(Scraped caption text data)
========================================
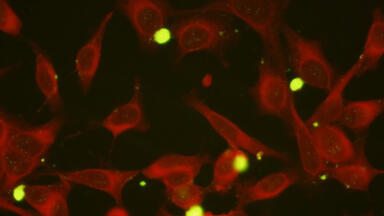 New Mycoplasma pneumoniae?Monoclonal Antibodies
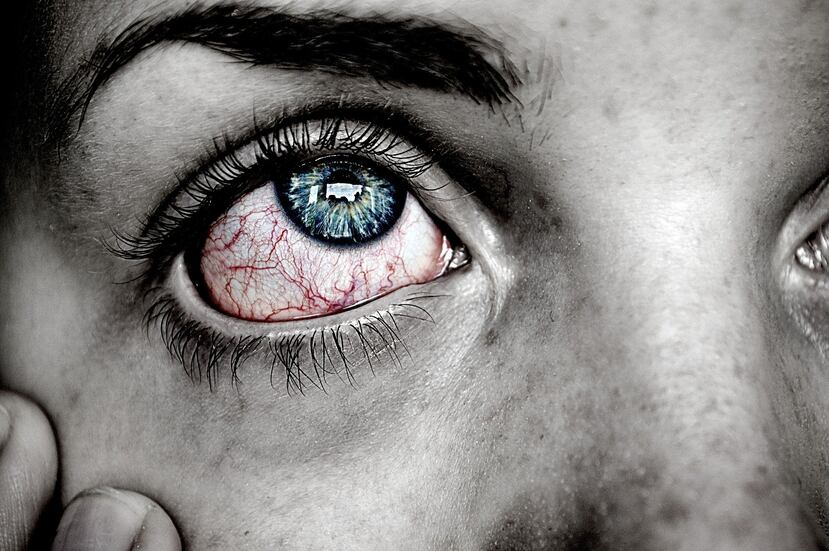 Los ojos rojos son un trastorno en el que la parte blanca (llamada esclera) toma ese color debido a la ruptura o la dilatación de los vasos sanguíneos. (agnesliinnea / Pixabay)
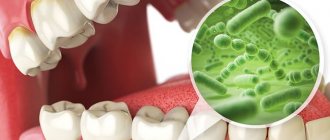 Восстановление микрофлоры полости рта. Диагностика и лечение дисбактериоза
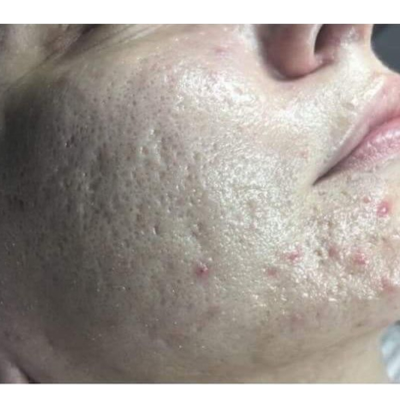 Pre - Dermapen sa Dermclar Gluta koktelom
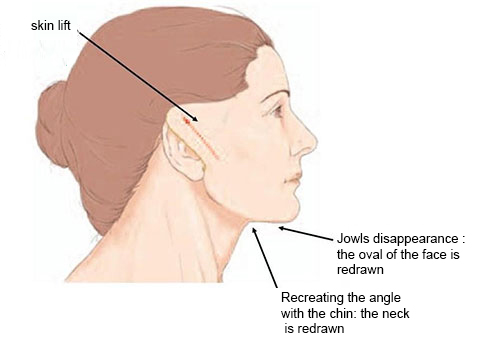 face neck lift abroad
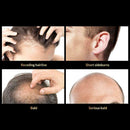 Anti Hair Loss Hair Growth Spray Essential Liquid Dry Regeneration Repair H G7A3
========================================
[What you have to do] Starting with the line containing "face neck lift abroad" and ending with the last line of the records above, write out each line exactly; no pictures.

[Written answer]
 face neck lift abroad
 Anti Hair Loss Hair Growth Spray Essential Liquid Dry Regeneration Repair H G7A3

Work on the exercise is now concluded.